[[ SUPPLIED INFORMATION open ]]

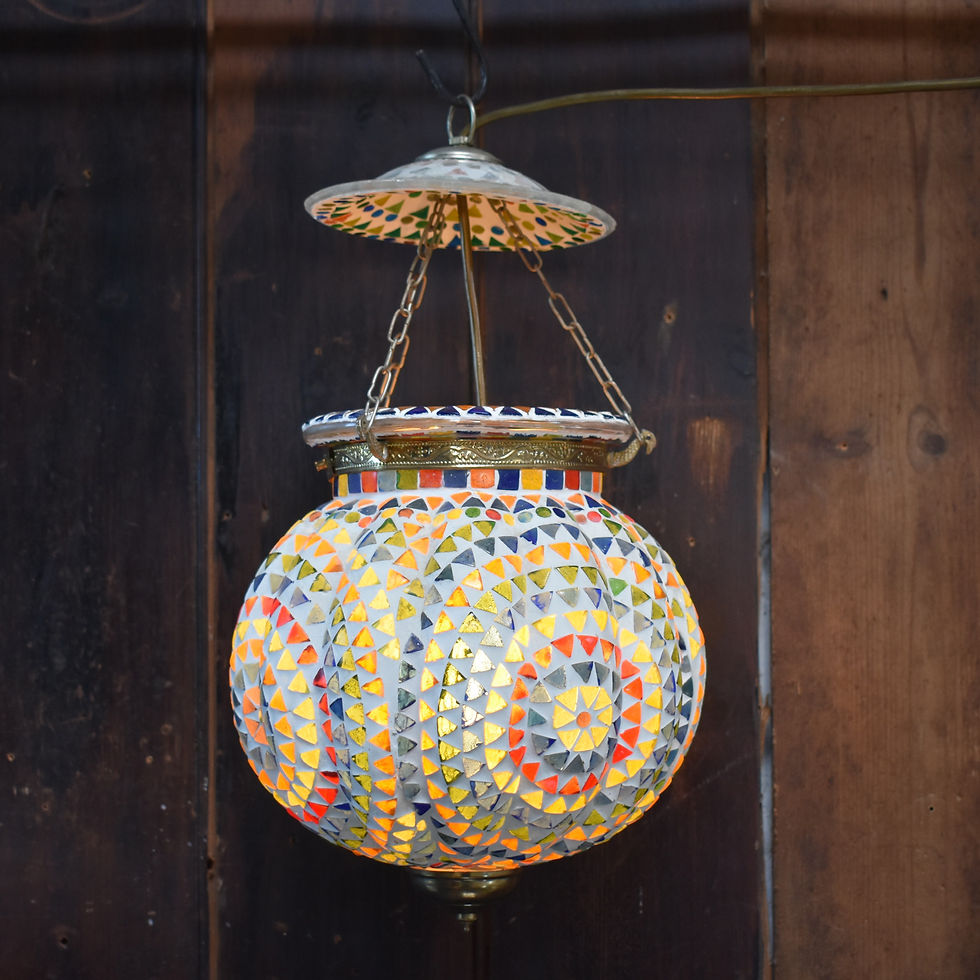 Thumbnail: Vintage Handmade Mosaic Glass Pumpkin Hundi Hanging Pendant Light Fully Rewired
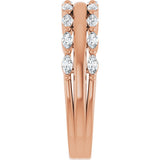 14K Gold Marquise Lab-Grown Diamond Double Row Anniversary Band – 1/2 CTW - Rose Gold - view 4
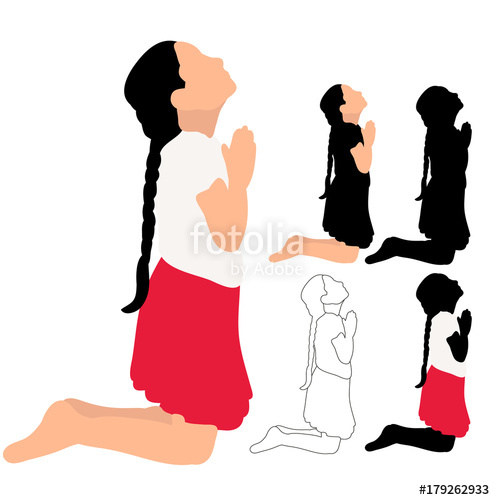 495x500 Silhouette Little Girl Praying, Sketch Stock Image And Royalty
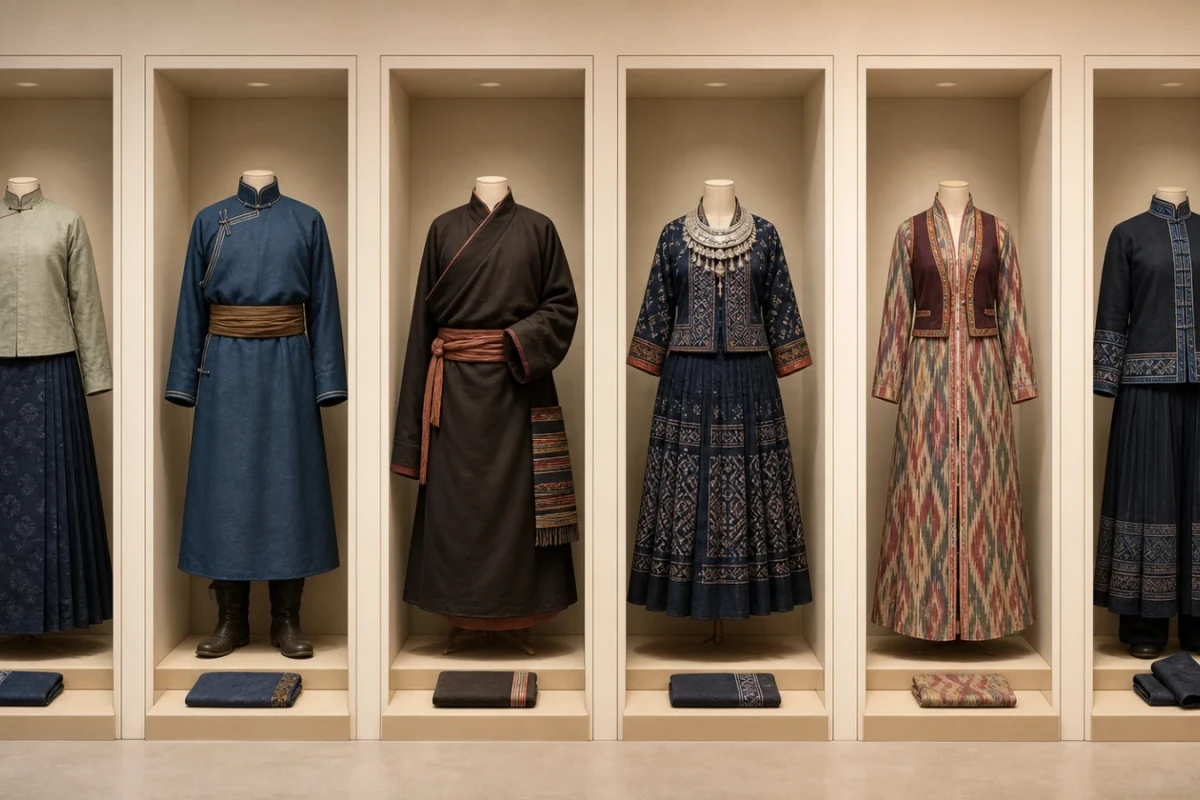 AI editorial illustration|China’s 56 ethnic dress hub: setting and clothing layers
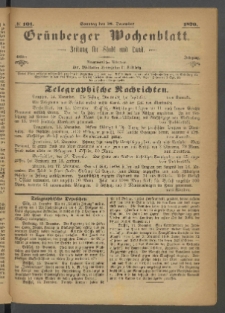 Gr&uuml;nberger Wochenblatt: Zeitung f&uuml;r Stadt und Land, No. 101. (18. December 1870)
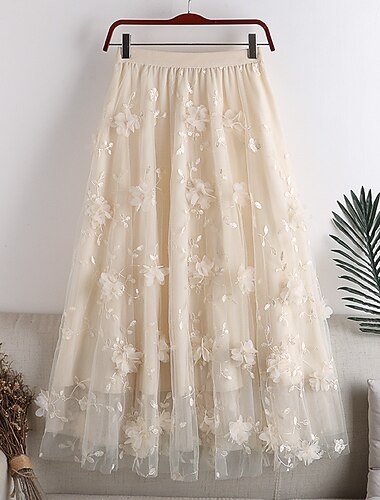  Mulheres Saia Balanço Saias de trabalho Saia longa Médio Saias Renda Bordado Multi Camadas Cor Sólida Escritório / Carreira Diário Primavera & Outono Poliéster Elegante Comprimento Longo Verão Preto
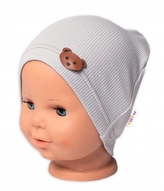 Baby Nellys Žebrovaná čepice Medvídek - šedá, vel. 80/86; 80/86 (12-18m)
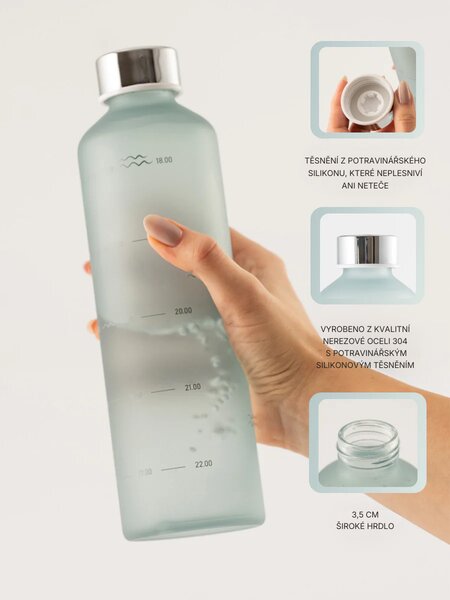 Skleněná lahev EQUA Water O'clock 750 ml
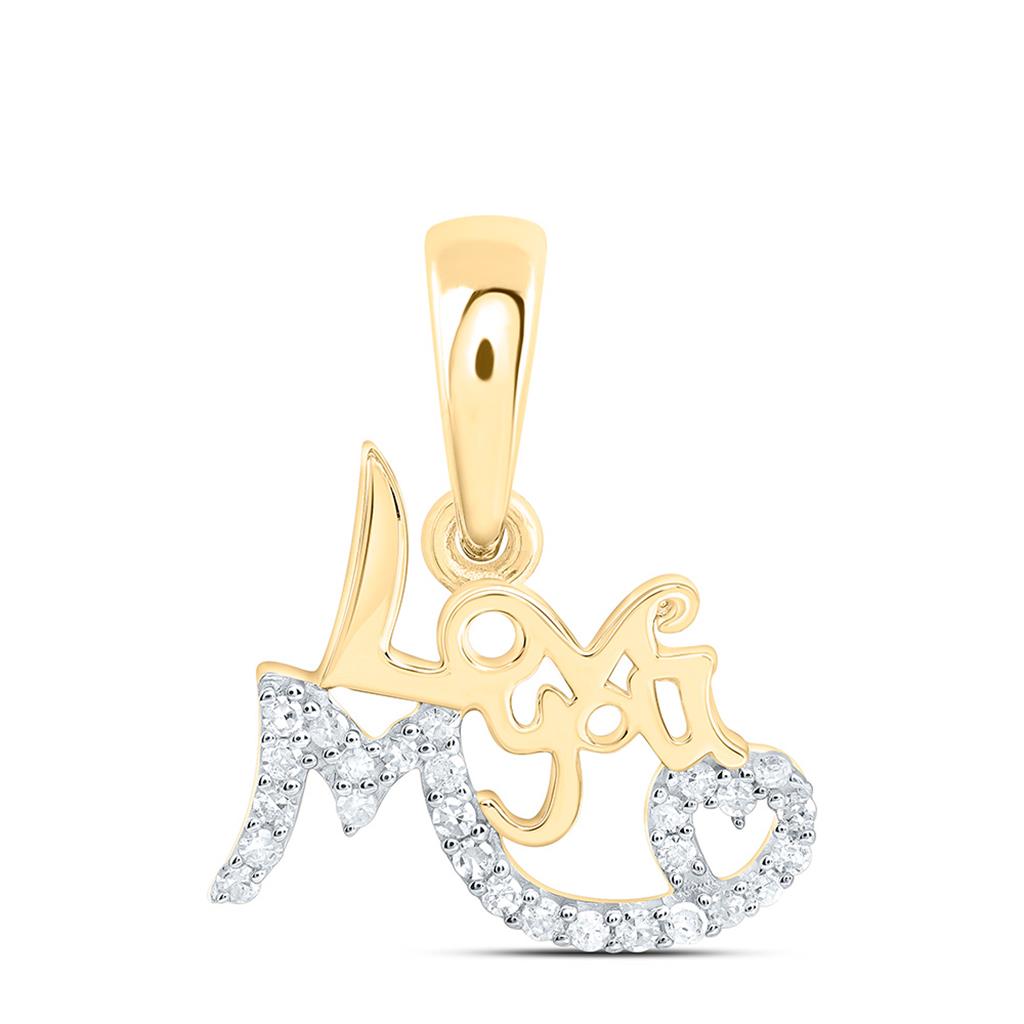 Sterling Silver Yellow Tone 1/10 Cttw Natural Diamond Gift "Love You Mom" Heart Pendant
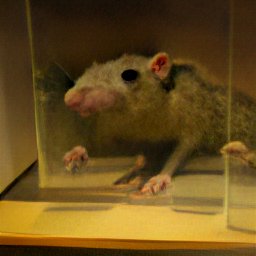 AI generated image of a rat in a altars display case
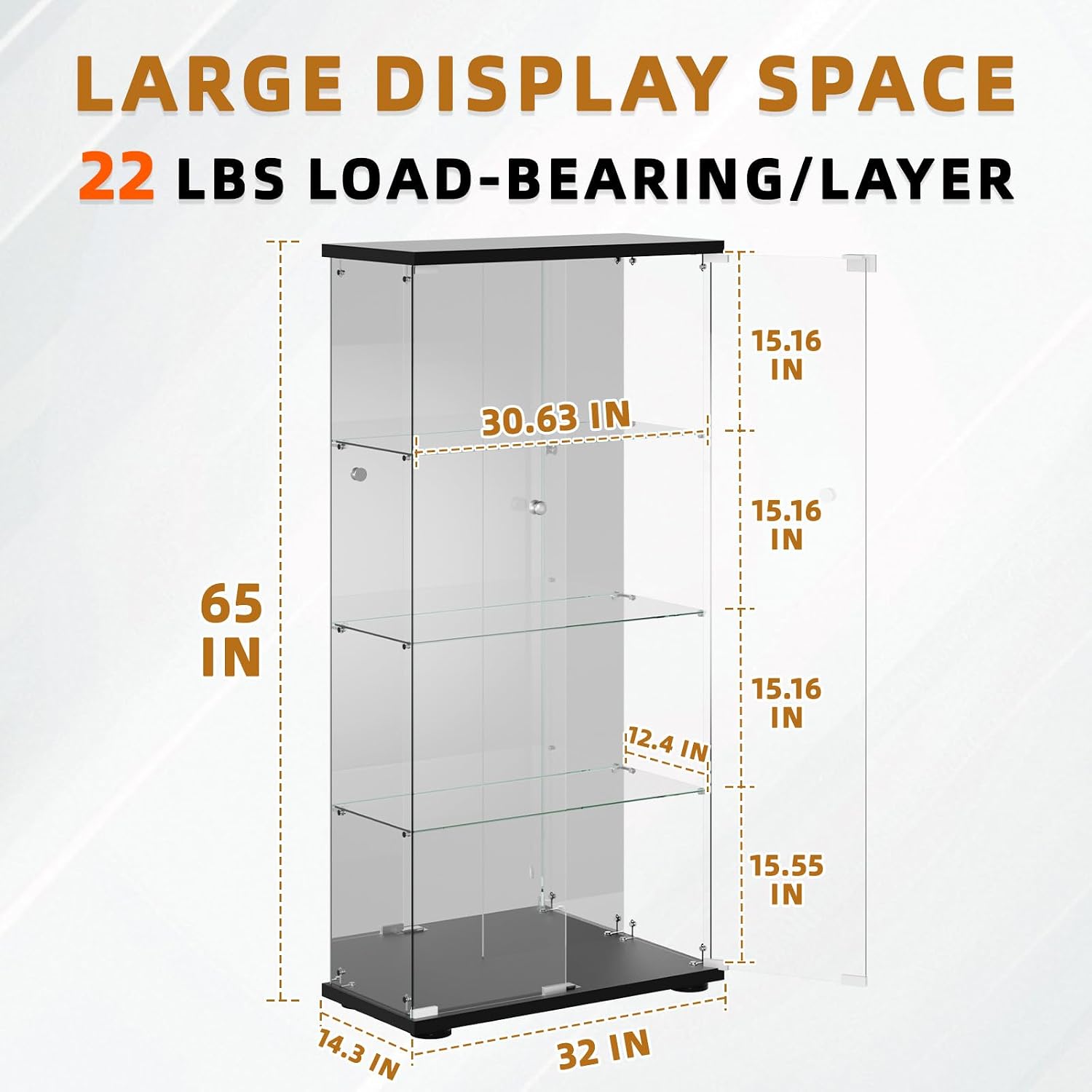 Glass Display Cabinet 4-Shelf with Door, Lock and Mirror,4mm Tempered Glass Floor-to-Ceiling Glass Bookcase for Bedroom, Living Room, Black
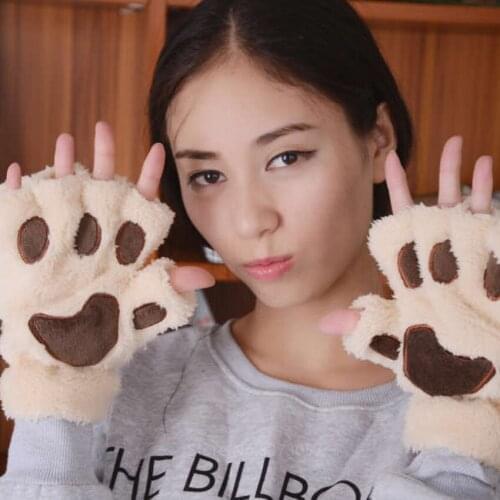 New Women Cute Cat Claw Paw Plush Mittens Warm Soft Plush Short Fingerless Fluffy Bear Cat Gloves Costume Half Finger Party Gift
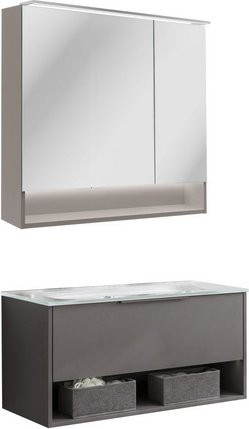 Fackelmann Badmöbel-Set B.Paris in Cubanit Grau mit Spiegelschrank, Glaswaschbecken und LED-Beleuchtung, Breite: 90,5 cm - Bild 1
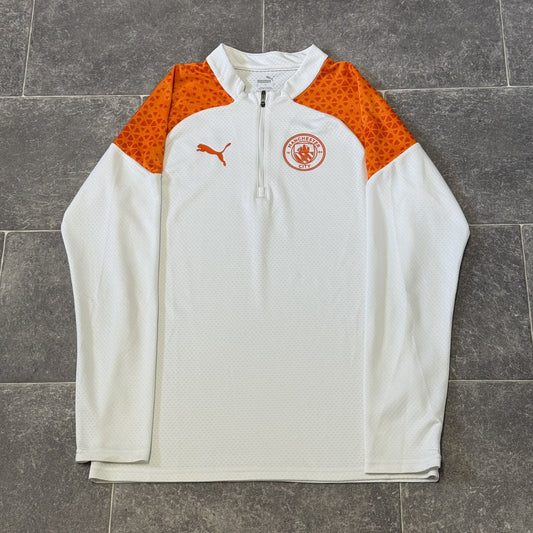 Puma Manchester City Training Fleece Shirt Mens Small White 1/4 Zip Long Sleeve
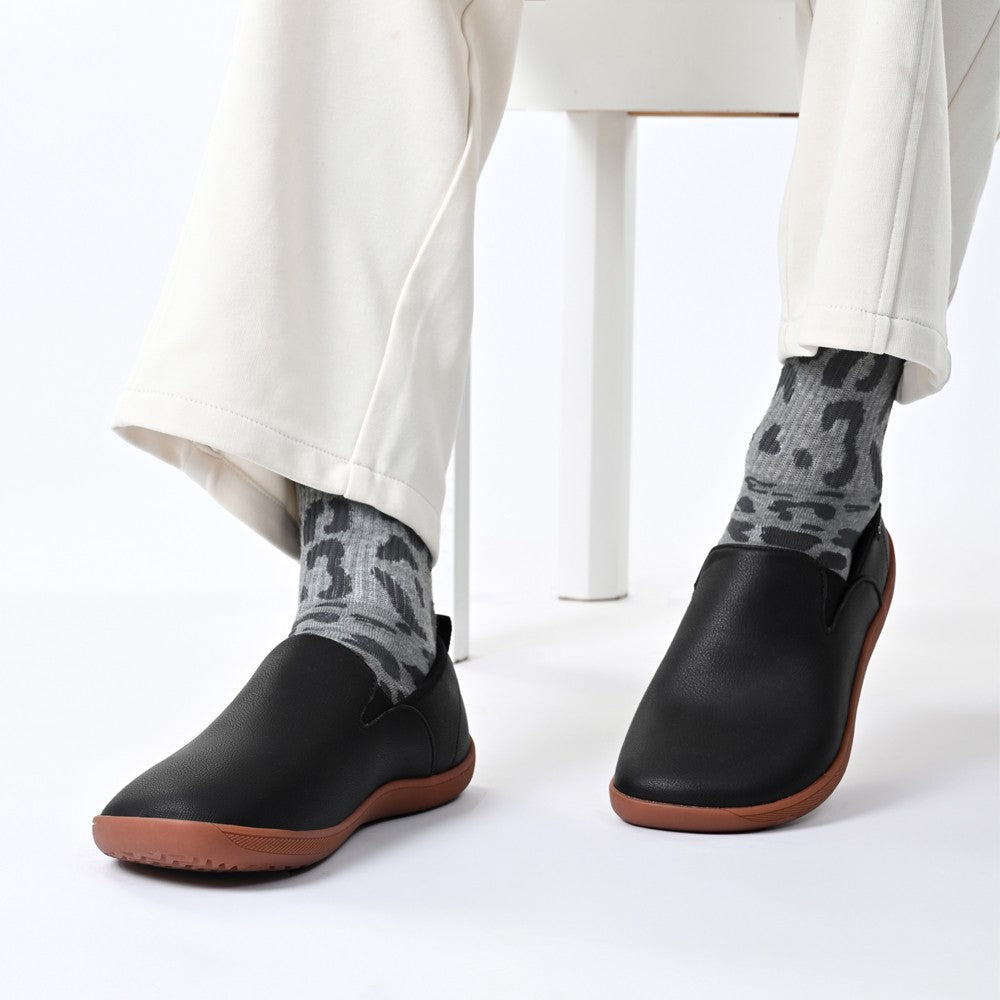 Oiaano Wide Toe Men Minimalist Shoes Comfortable Sneakers Leather Casual Shoes Black Slip On Leisure Loafers Drive Office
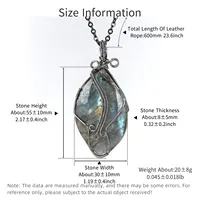 VGDS Unique Natural Crystal Labradorite Stone Handmade Wire Wrapped Charms Pendants Necklaces Retro Fashion Men Women Jewelry 2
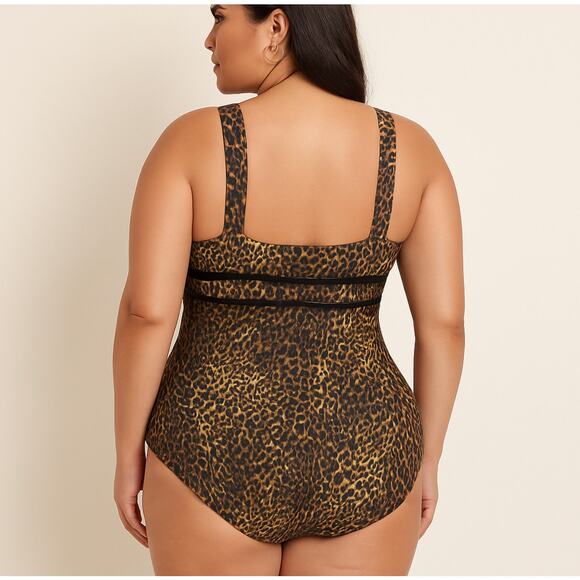 Swimsuits For All Leopard Print One-Piece Swimsuit – Size 18 – Mesh Trim - Picture 4 of 8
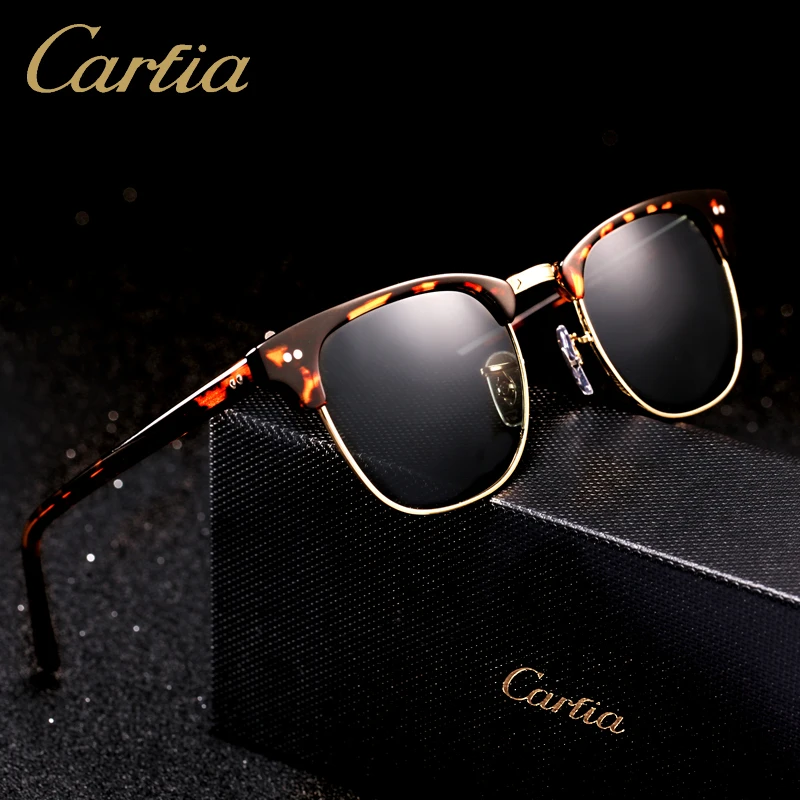 Carfia 2018 Women Men  Vintage Sunglasses Classic Retro Rivet Shades Brand Designer Rimless Sun glasses 100% UV400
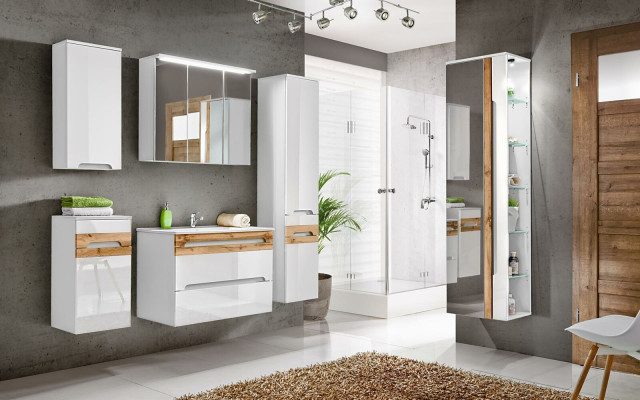 Design Badezimmer Möbel Bad 5 tlg. Set Deko Garnitur Schrank Waschbecken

[[ SUPPLIED INFORMATION closed ]]

*AIM OF THE TASK*. From the line holding "Fackelmann Badmöbel-Set B.Paris" to the line holding "Puma Manchester City", both included, retype the entries above exactly and drop the pictures.

*TASK RESULT*.
 Fackelmann Badmöbel-Set B.Paris in Cubanit Grau mit Spiegelschrank, Glaswaschbecken und LED-Beleuchtung, Breite: 90,5 cm - Bild 1
 Puma Manchester City Training Fleece Shirt Mens Small White 1/4 Zip Long Sleeve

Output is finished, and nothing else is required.